McQuarrie’s reputation is inextricably linked to his years in exile, and there are moments when he can’t help sounding like one of the hard-boiled characters in his own movies. In particular, I’m thinking of James Caan’s “adjudicator” in The Way of the Gun, who delivers a line that I’ve never forgotten: “The only thing you can assume about a broken-down old man is that he’s a survivor.” Deadline describes him as “Cruise’s accomplice in problem solving,” which is pretty much how most screenwriters like to see themselves—as the unheralded, pragmatic fixers who parachute in, like Towne famously did for The Godfather, to save troubled productions for a paycheck before moving on. McQuarrie has benefited, as Towne did before him, from falling in with Cruise, a movie star with the soul of a producer whose track record at mounting and executing deliriously complicated projects has attuned him to the value of the creative resource that a talented writer’s brain affords. As McQuarrie describes it, it sounds less like two moguls overseeing a multimillion-dollar production that a huddle between a couple of canny conspirators: “You’re confronted with an obstacle that seems so insurmountable and Tom always says the same thing. If there’s any two people who can figure this out, it’s us. We’re going to figure it out. And, usually we do.”

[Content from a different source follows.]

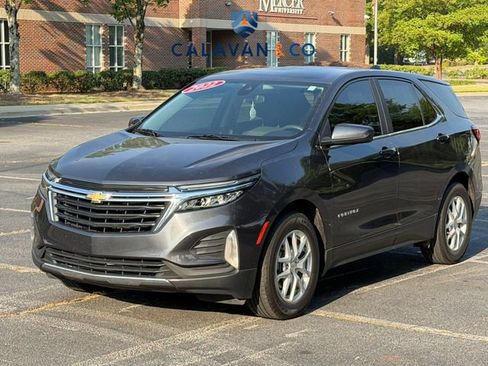 Used 2022 Chevrolet Equinox LT FWD image 2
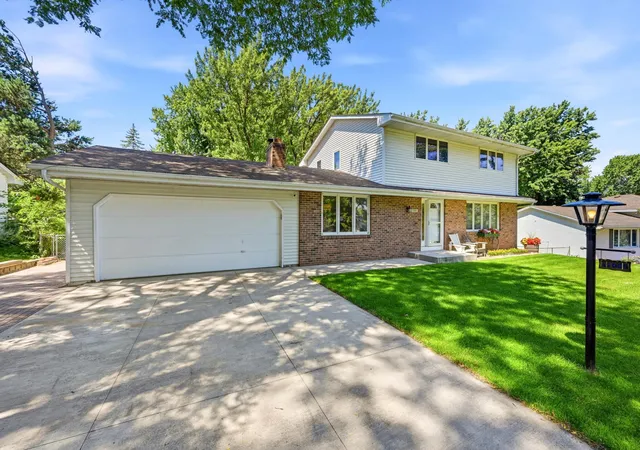 Photo 5 of Single family home for sale at 11006 Radisson Dr, Burnsville, MN 55337 | MLS# 7109772 | Listing updated on 2026-07-29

This is undoubtedly romanticized, and it’s the closest McQuarrie ever comes to sounding like one of the suits that he skewers so expertly elsewhere—including in Rogue Nation itself, in which the venal spies in charge of the intelligence community often play as parodies of studio heads, with their cheerful indifference to the lives or careers that hang on their decisions. (As William Goldman points out in Which Lie Did I Tell?, the scariest sentence that a writer can hear from an executive has to be: “We have a special relationship with Tom Cruise.”) But it’s amply borne out by the film, which, more than any of its predecessors, is emphatically a screenwriter’s movie. It lacks a jaw-dropping set piece to compare with the Burj Khalifa ascent in Ghost Protocol, but it has a distinctly better story and structure, and at its best, it’s a marvel of smart, efficient craftsmanship. A few years ago, I drew a distinction between action that seems to have been worked out on the page and the kind that is assembled in the editing room, and I singled out Ghost Protocol, along with Drive and The International, as among a handful of recent movies that have given us coherent, inventive, written action scenes:
They have a clear beginning, middle, and end. They make memorable use of their locations. They have small setups, payoffs, and surprises along the way…Each is centered on the personalities of the characters involved—indeed, each scene unfolds as a series of logical choices, which is something you’ll never hear said of Transformers. And these are all things that can only be planned at the screenplay stage.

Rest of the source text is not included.